This seemed to have been a response to the accusation by the Kenya Civil Society Platform on Oil that the Government was violating the Constitution and breeding mistrust by concealing details of the Project.

It is clear that the position of the Government on this issue is untenable. The Constitution and the Access to Information Act, 2016 explicitly require details of such projects to be disclosed. Indeed, Section 2 of the Act lists the exploitation of natural resources as one of the areas of disclosure of information due to public interest.

Accordingly, private entities involved in the extraction of natural resources, such as Tullow Oil, are required to disclosure any information on such extraction.

In light of the above, extractive contracts should not be crafted with confidentiality clauses to restrict access to information by citizens.

Such action would expressly be illegal. The Government should disclose information on such contracts, including the benefit sharing agreements, environmental impact assessment and the mineral agreements.

This will be in line with the Government’s commitment under the Extractive Industries Transparency Initiative.

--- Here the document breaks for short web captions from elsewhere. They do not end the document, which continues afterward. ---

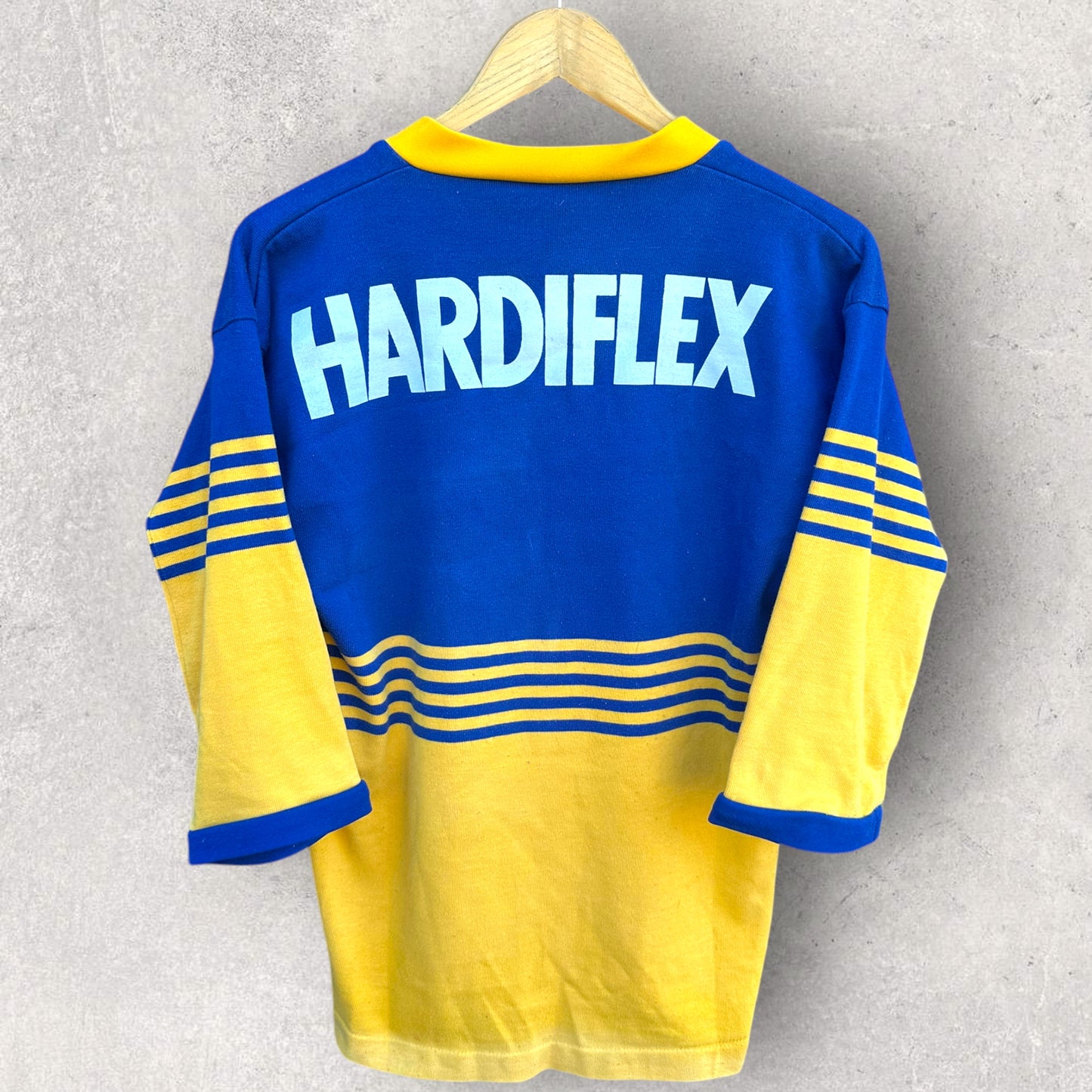 PARRAMATTA EELS 1986 CANTERBURY HOME VINTAGE JERSEY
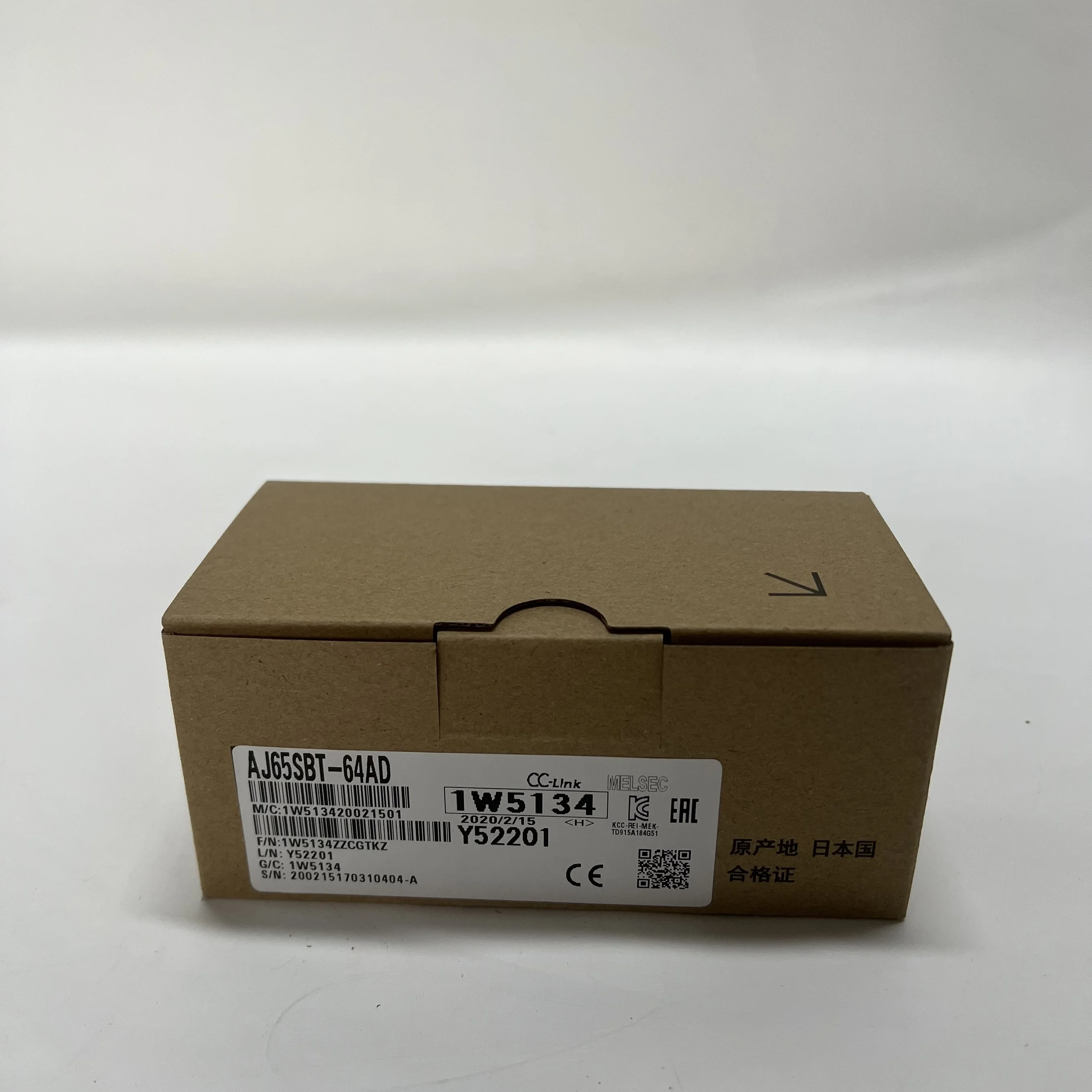 Mitsubishi CC-Link Analog Input Module AJ65SBT-64AD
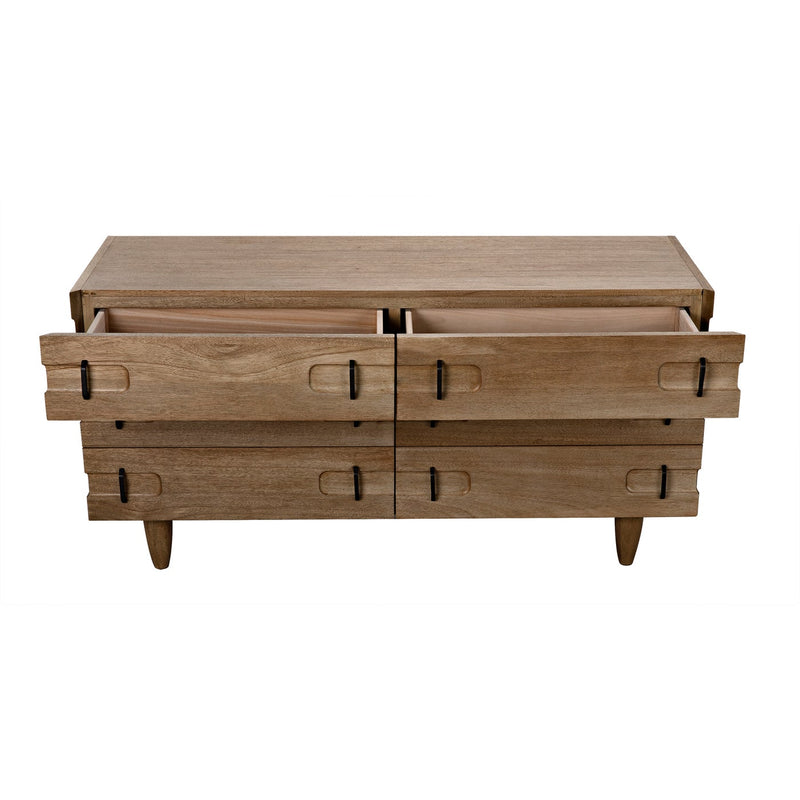 David Sideboard, Washed Walnut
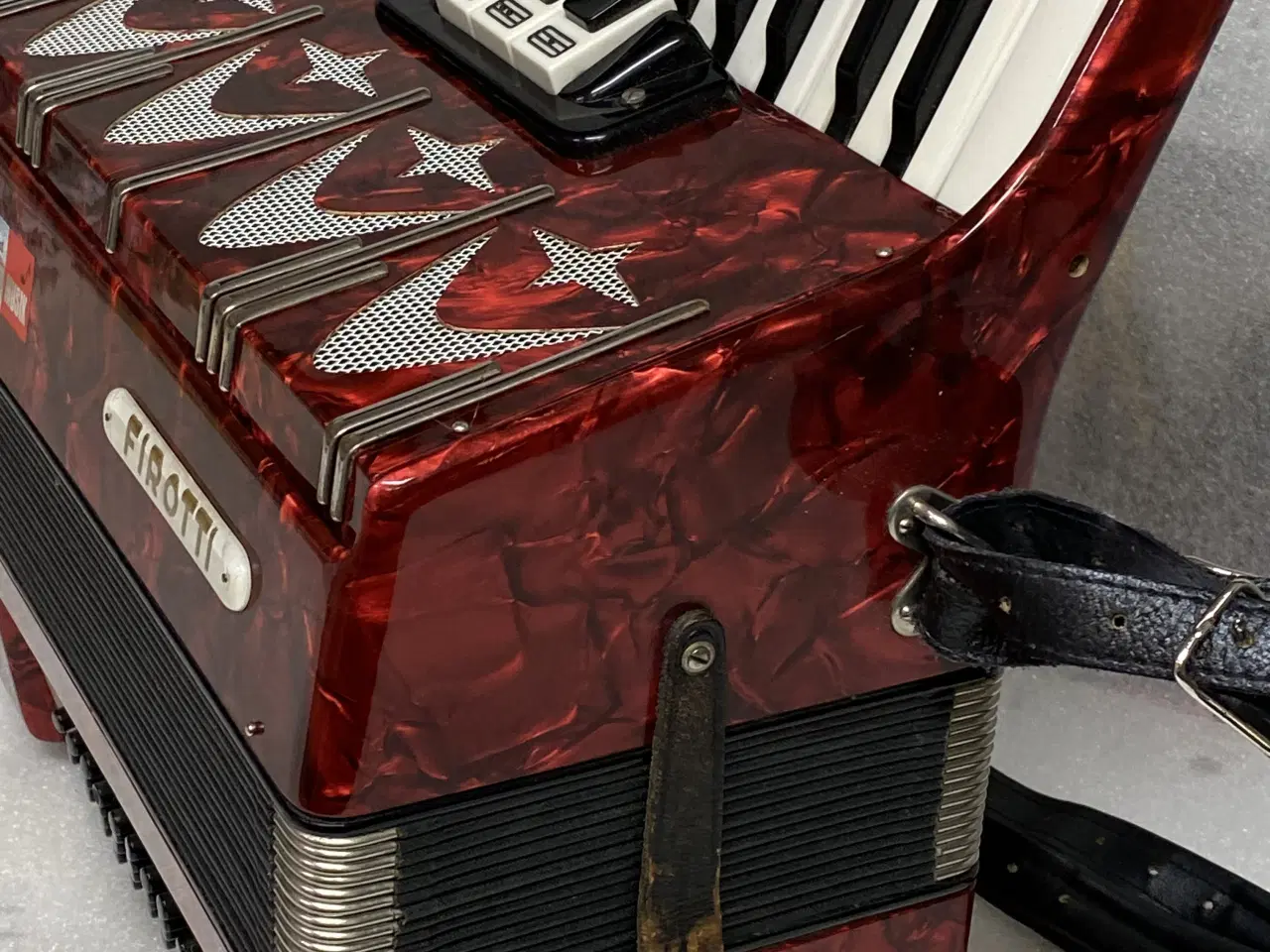 Billede 11 - Begynderharmonika – nyserviceret Firotti, let og v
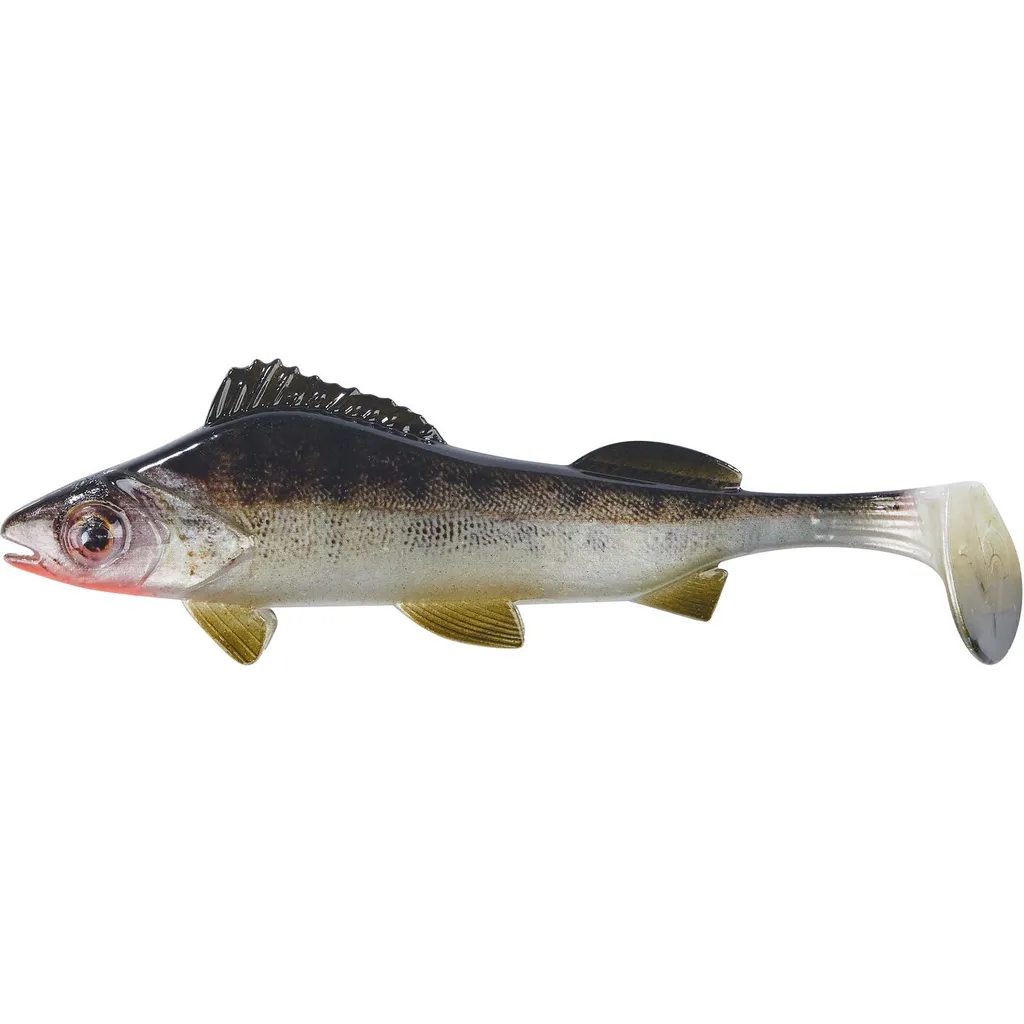 Balzer Shirasu Clone Shad Gummifische 18cm Zander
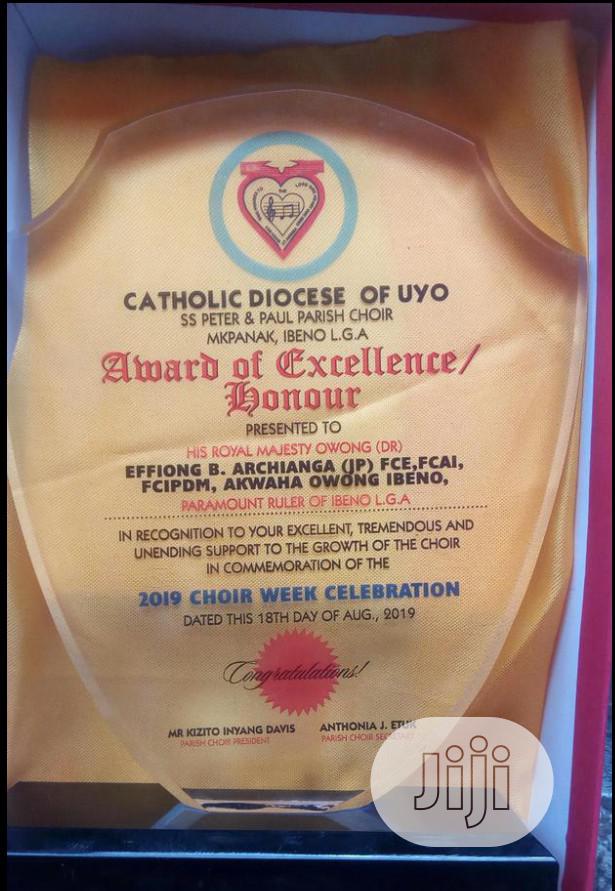 Wooden Plaque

It is worthwhile to note that whereas the Petroleum Act, 2019 provides for profit sharing between the National Government (75 percent), County Government (20 percent) and the local community (five percent), the amount to be shared will only be known after the cumulative cost of the Early Oil Pilot Scheme is known and a formula agreed.

The lack of a clear revenue sharing is a recipe for interruptions and unrest as has been witnessed in the past.

In the present case, the National Government, Turkana County Government and the private companies involved in the Project have the responsibility of publishing information and ensuring sustainable exploitation, utilisation, management.

Access to information is one of the ways to prevent ‘oil curse’ seen globally.